Exercise brief - Although the material holds pictures, none belong in the copy; transcribe exactly, and only, the lines from the one with "businessman ordering food at a modern cafe" through the end.

Data excerpt: Begin

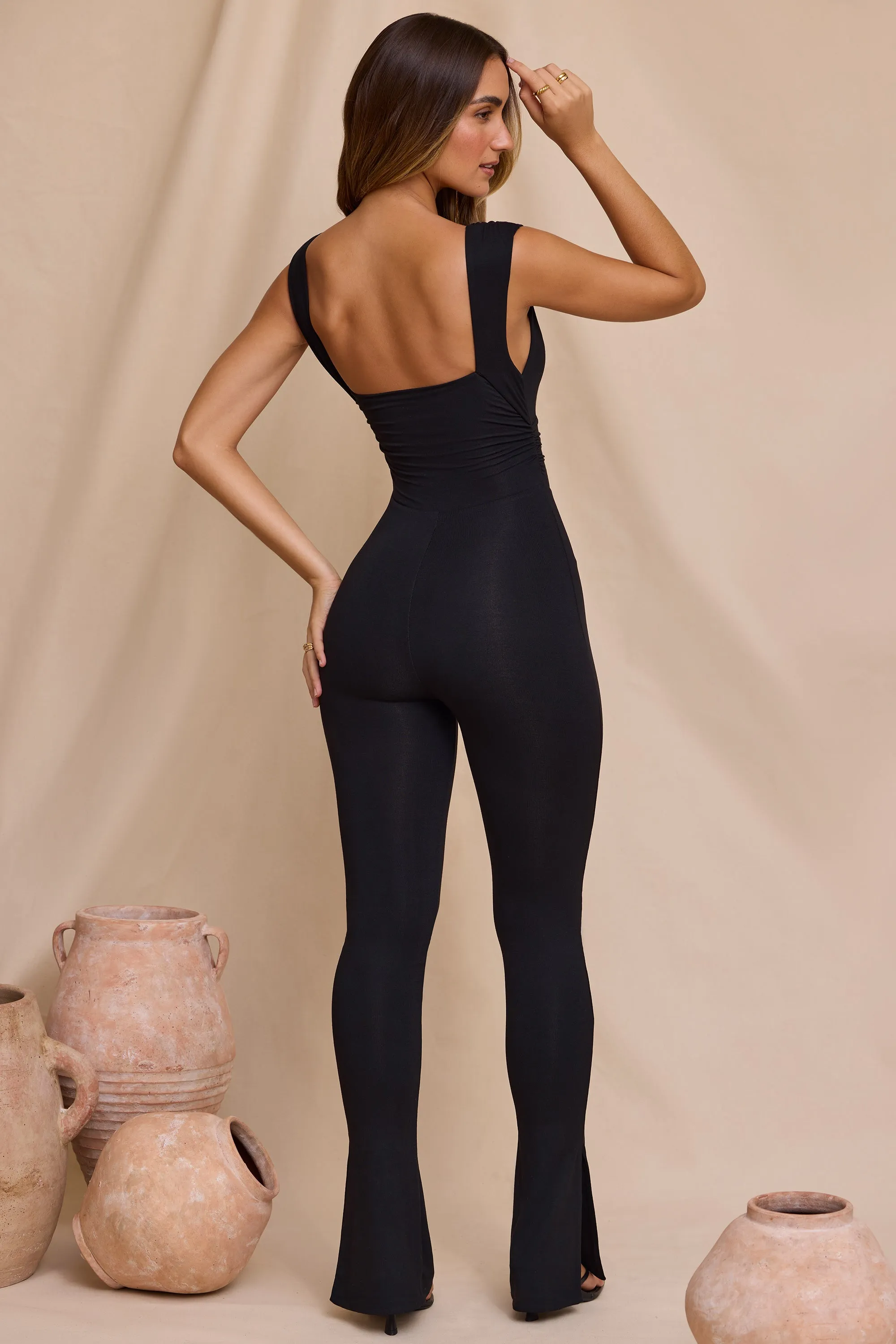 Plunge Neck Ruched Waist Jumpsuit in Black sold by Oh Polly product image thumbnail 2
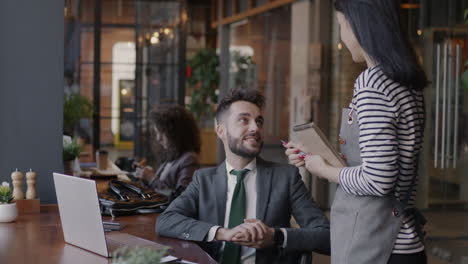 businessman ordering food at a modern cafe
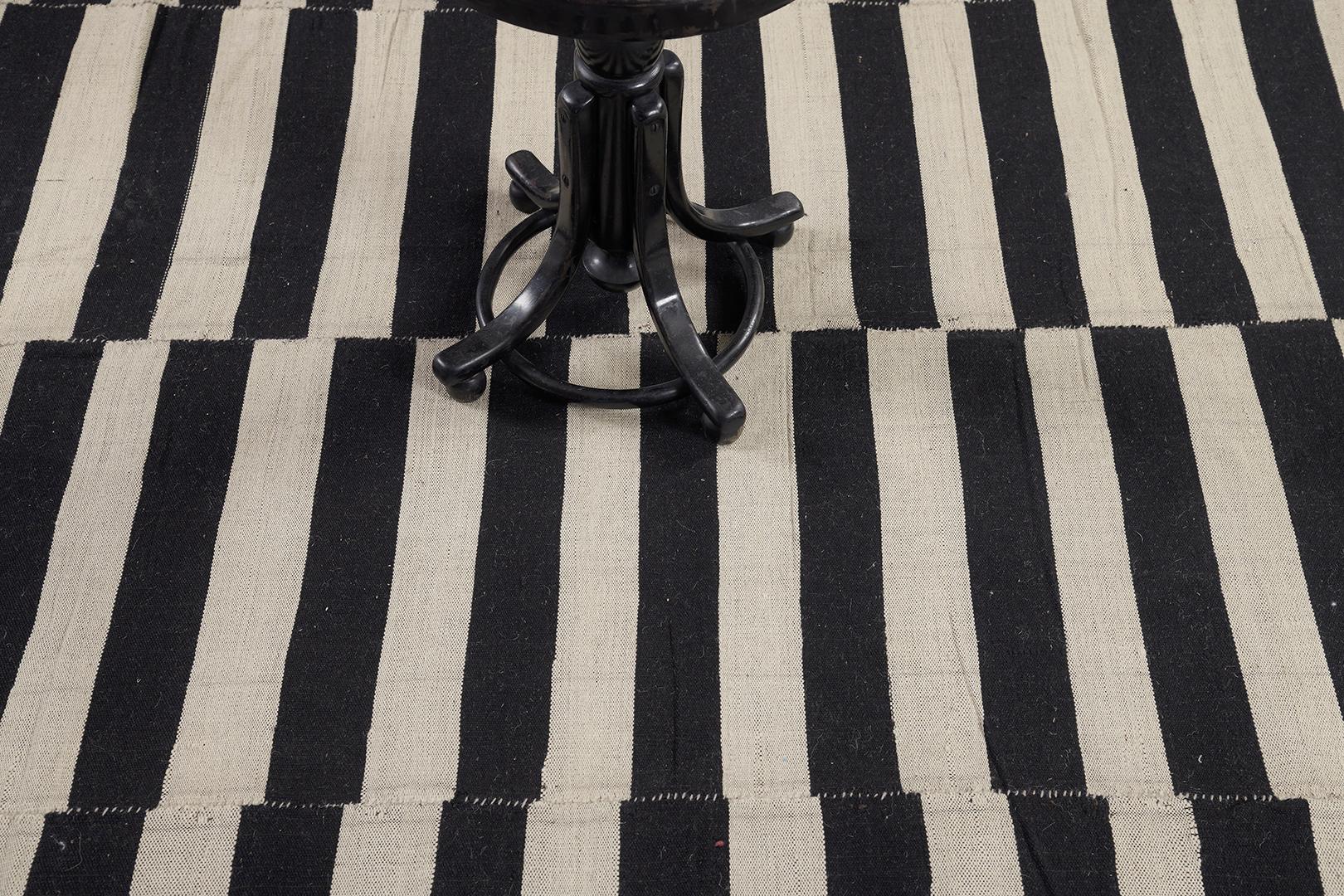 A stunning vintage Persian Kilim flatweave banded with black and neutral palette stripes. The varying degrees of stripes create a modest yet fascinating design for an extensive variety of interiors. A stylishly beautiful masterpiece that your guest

Data excerpt: End

Answer space -
 businessman ordering food at a modern cafe
 A stunning vintage Persian Kilim flatweave banded with black and neutral palette stripes. The varying degrees of stripes create a modest yet fascinating design for an extensive variety of interiors. A stylishly beautiful masterpiece that your guest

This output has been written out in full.